Recover stuck service operations after transient DB failures by serdarozerr · Pull Request #5011 · cloudfoundry/cloud_controller_ng

serdarozerr · 2026-04-09T15:34:16Z

Problem

When CCDB becomes temporarily unreachable during a service broker polling cycle,
the polling job fails permanently even though the broker is still processing the
operation. This leaves the service resource in an inconsistent state:

last_operation.state = 'in progress' (broker still working or already finished)
pollable_job.state = FAILED (CC gave up)

Solution

Adds a new periodic scheduled job ServiceOperationsCreateInProgressCleanup that
detects stuck create operations whose polling job has permanently failed and
resolves them by marking the operation as failed and triggering orphan mitigation
to deprovision any broker-side resource, giving clients a definitive final state.

Detection chain:
service_instance/binding/key_operations.state = 'in progress'
AND type = 'create'
AND created_at within the max async poll window
→ JOIN service_instances/bindings/keys (via foreign key)
→ JOIN pollable_jobs (via resource_guid) WHERE state IN (POLLING, FAILED)
AND operation = 'service_instance/bindings/keys.create'
→ JOIN delayed_jobs (via delayed_job_guid) WHERE failed_at IS NOT NULL

Recovery:
Marks the stuck operation as failed, sets the pollable job to FAILED, and
calls OrphanMitigator to enqueue a broker-side DELETE for the potentially
orphaned resource. A row-level FOR UPDATE SKIP LOCKED guard prevents double
mitigation when multiple CC instances run concurrently.

Scope:
Covers service_instance.create, service_bindings.create, and
service_keys.create. Delete and update operations are intentionally excluded —
retrying a delete on the same resource GUID can cross-match with the old failed
pollable job, making safe recovery impossible without additional guards.

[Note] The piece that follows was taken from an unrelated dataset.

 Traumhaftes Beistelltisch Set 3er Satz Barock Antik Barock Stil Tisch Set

I have reviewed the contributing guide
I have viewed, signed, and submitted the Contributor License Agreement
I have made this pull request to the main branch
I have run all the unit tests using bundle exec rake
I have run CF Acceptance Tests

…e operations Introduces a new periodic recovery job that scans permanently failed delayed_jobs and re-enqueues polling for service operations still in progress at the broker. Recovers cases where a transient DB connection error caused the polling job to fail permanently (max_attempts=1) while the broker operation was still running, leaving the service instance stuck in 'in progress' with no active poller.

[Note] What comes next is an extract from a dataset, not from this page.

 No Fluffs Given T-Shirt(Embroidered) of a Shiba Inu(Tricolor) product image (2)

The previous implementation queried dead delayed_jobs then performed separate lookups per row to find the pollable job, entity, and last operation state. Replace with a single 4-table join across service_instance_operations, service_instances, jobs, and delayed_jobs, filtering all conditions in one query

…query

philippthun · 2026-05-18T12:39:27Z

+          @logger ||= Steno.logger('cc.background')
+        end
+
+        def batch_size


This could be a constant: BATCH_SIZE.

philippthun · 2026-05-18T12:41:21Z

+    module Runtime
+      class DelayedJobsRecover < VCAP::CloudController::Jobs::CCJob
+        def perform
+          logger.info('Recover halted delayed jobs')


I would prefer: "Recovering stuck delayed jobs"

philippthun · 2026-05-18T12:47:16Z

+                  join(:delayed_jobs, guid: Sequel[:jobs][:delayed_job_guid]).
+                  where(Sequel[:service_instance_operations][:state] => 'in progress').
+                  where(Sequel[:service_instance_operations][:type] => 'create').
+                  where { Sequel[:service_instance_operations][:created_at] > cutoff_time }.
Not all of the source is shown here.